La cadena de choques distrajo momentáneamente a los guardias. Retrocedieron y se me acercaron otra vez. Yo me quedé quieto, mirando a uno y otro. De repente la situación parecía cómica, como una pantomima en el teatro. La amenaza de los guardias no era más que un espectáculo. Eran niños en comparación con el bruto que Pompeyo había dejado en mi casa.
Respiré hondo, sonreí y la sonrisa pareció confundirlos. Cuando me volví para marcharme, vi que el guardia de mayor edad cogía al joven por el cuello.
– ¡Bocazas! -murmuró. Su compañero se encogió y encajó el reproche en silencio.
La calle que rodea la cumbre del Palatino es más ancha que muchas carreteras de Roma. Dos literas pueden cruzarse y aún queda sitio para que pase un peatón sin rozar a ninguno de los sudorosos portadores de las literas. Pero una congestión así sería extraña; la calle está menos transitada que la mayoría de las otras y la flanquean mansiones grandes. Está situada muy por encima del bullicio del Foro y de los mercados. Pero aquella noche estaba atestada de vehículos y personas, y tan iluminada por las antorchas de los esclavos como si fuera de día. A la luz de estas antorchas vi un desfile de caras angustiadas, ciudadanos amedrentados que huían de la ciudad, esclavos agobiados por el exceso de carga, mensajeros decididos que empujaban a los demás.
Varias veces tuve la impresión de que me seguían. Cuando daba media vuelta para mirar, la confusión hacía que resultara imposible saberlo con certeza. Mi vista y mi oído ya no eran los de antes. Había sido una locura salir a la calle sin protección en semejante noche.

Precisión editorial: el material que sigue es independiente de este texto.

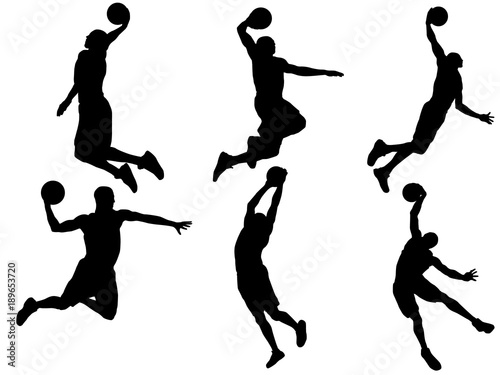 Foto Basketball player dunk silhouette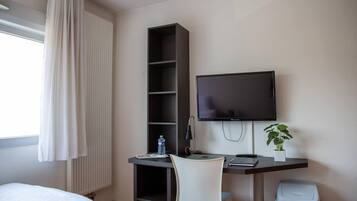 A hotel room with a bed, a desk with a computer, a TV, a bookshelf, a plant, and a trash bin.
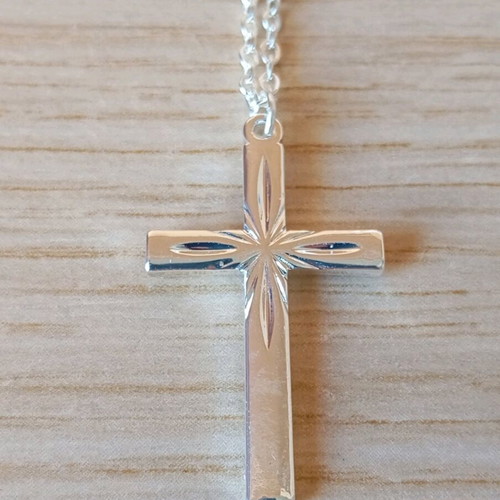 Steel cross like new, silver color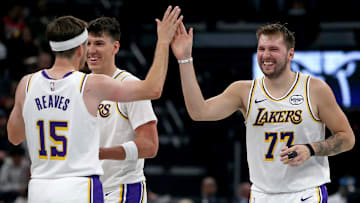 Oct 31, 2025; Memphis, Tennessee, USA; Los Angeles Lakers guard Luka Doncic (77) reacts with guard Austin Reaves (15) during a timeout during the second quarter against the Memphis Grizzlies at FedExForum. Mandatory Credit: Petre Thomas-Imagn Images
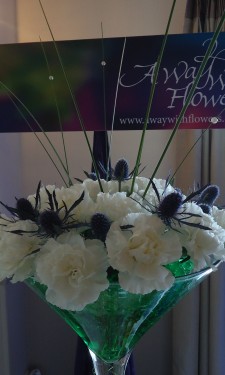 Martini vase with white carnations, eryngium and steel grass arranged in green crystal gel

Llegué a la puerta de mi casa y eché un último vistazo a mis espaldas. Algo me llamó la atención. Fue el vehículo del hombre y su actitud lo que hizo que me fijase. Hubo un instante de reconocimiento inmediato, tal como suele suceder cuando vemos a alguien que nos resulta familiar, aunque lo veamos de lejos o por el rabillo del ojo. El hombre se volvió antes de que pudiera verlo bien y se alejó andando a toda prisa, en dirección opuesta a la mía, hasta que se desvaneció entre la multitud.
Habría jurado por Minerva que el hombre que acababa de ver era el secretario de Cicerón, Tirón, que en teoría se hallaba en Grecia, demasiado enfermo para levantarse de la cama.